Les comptes-rendus de livres présentent au lectorat de la SMC des ouvrages intéressants sur les mathématiques et l’enseignement des mathématiques dans un large éventail de domaines et sous-domaines.Vos commentaires, suggestions et propositions sont les bienvenues.

Karl Dilcher, Université Dalhousie (notes-reviews@cms.math.ca)

Tessellations: Mathematics, Art, and Recreation
by Robert Fathauer
A K Peters/CRC Press, 2020
ISBN: 978-0367185978

Robert Fathauer’s Tessellations: Mathematics, Art, and Recreation is a gorgeous book. It’s lavishly illustrated with photographs of tessellations and related patterns from nature and architecture; with reproductions of artwork by M. C. Escher and other artists who have found inspiration in tessellations; with the tilings of geometers such as Sir Roger Penrose, Robert Ammann, and Casey Mann; and, most of all, with the author’s own creations.

The reader will need an interest in mathematics, but no great background; the level of rigor is only a little higher than what aficionados of the late Martin Gardner will remember. To take advantage of this, the book is liberally sprinkled with activities aimed at the K-12 classroom, including handouts, lists of vocabulary words, and (where relevant) CCSSM standards. These exercises are interesting and have solid mathematical content, but their level of difficulty varies widely. An appendix listing the activities by approximate grade level (or cross-tabulated with topic) might make it easier for a teacher dipping into the book to find an activity. In some cases (for instance, worksheet 8.1 on page 148) opportunities are missed for older students to use algebra rather than the too-ubiquitous hand calculator. The range of topics is wide, and each one is explored fairly deeply, with its relevant history. The second chapter, for instance, begins with regular tessellations of the plane. It goes on to the semiregular tessellations, pausing to consider the possible ways in which regular polygons can be arranged around a point. After that, it considers tilings with a single shape of polygonal tile, including the Laves tessellations, dual to the regular and semiregular tessellations. The fifteen classes of tilings with convex pentagons are shown (without proof, but with information about the discoverers.) We then consider the tessellations involving star polygons (the reader must be careful here: the definition on page 31 is more restrictive than what is implied by the tilings on pages 33-35.) Then there’s a short look at non-edge-to-edge tessellations with squares and triangles, including “squared squares.” Four pages on creating new tessellations from old, and a look at Apollonian packings, bring us to the end of the chapter. You will have to read the other twenty-four chapters yourself!
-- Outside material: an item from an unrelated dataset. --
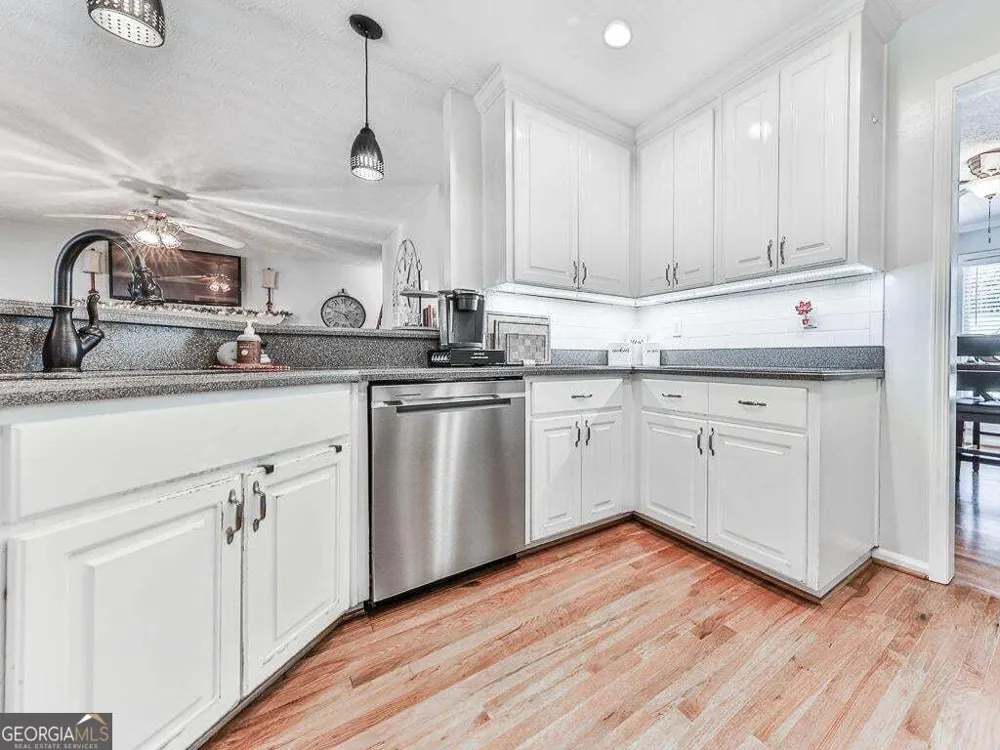 373 Yonah CIR Woodstock, GA 30189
Chapter 8, on rosettes and spirals has a good introduction to Fibonacci spirals and phyllotaxis. I would argue with the author’s decision (p. 122) to use “golden number” rather than “golden ratio” on the grounds that

   “The term `golden ratio’ implies a ratio of two objects, which is not how it will generally be used in this book.”
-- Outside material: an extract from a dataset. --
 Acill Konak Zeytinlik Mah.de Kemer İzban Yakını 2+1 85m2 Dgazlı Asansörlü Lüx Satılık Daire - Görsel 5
While I agree with him that

   “[t]he number has a long history of being applied to objects that it doesn’t really fit very well, such as the nautilus shell and the Acropolis,”

the dimensionless number φ in a tiling is indeed a ratio of lengths (or of tile populations in the Penrose tiling)  and this is not changed by other writers’ over-eagerness to spot it in architecture and nature.

Chapter 9, on fractal tiles and fractal tilings, contains material of considerable beauty that will be new to most mathematicians. Many of these tilings have a deep connection to the hyperbolic plane that clearly cannot be explored at the level of this book! The author attempts on page 152 to draw a distinction between fractal and hyperbolic tilings, with Escher’s “Square Limit” woodcut on one side of the line and his “Circle Limit” works on the other. I confess that I do not see the basis for this distinction. But this is a minor detail, that in no way detracts from the overall presentation.

Finally, Fathauer is not just a mathematician but also an artist. He shares his artistic tips freely here, including, in Chapter 13-19, some really good instructions on how to create an Escher-style tiling based on various symmetries. If you are a high school math teacher and you bring a copy of this book in to work, you may need to hide it from the art teacher!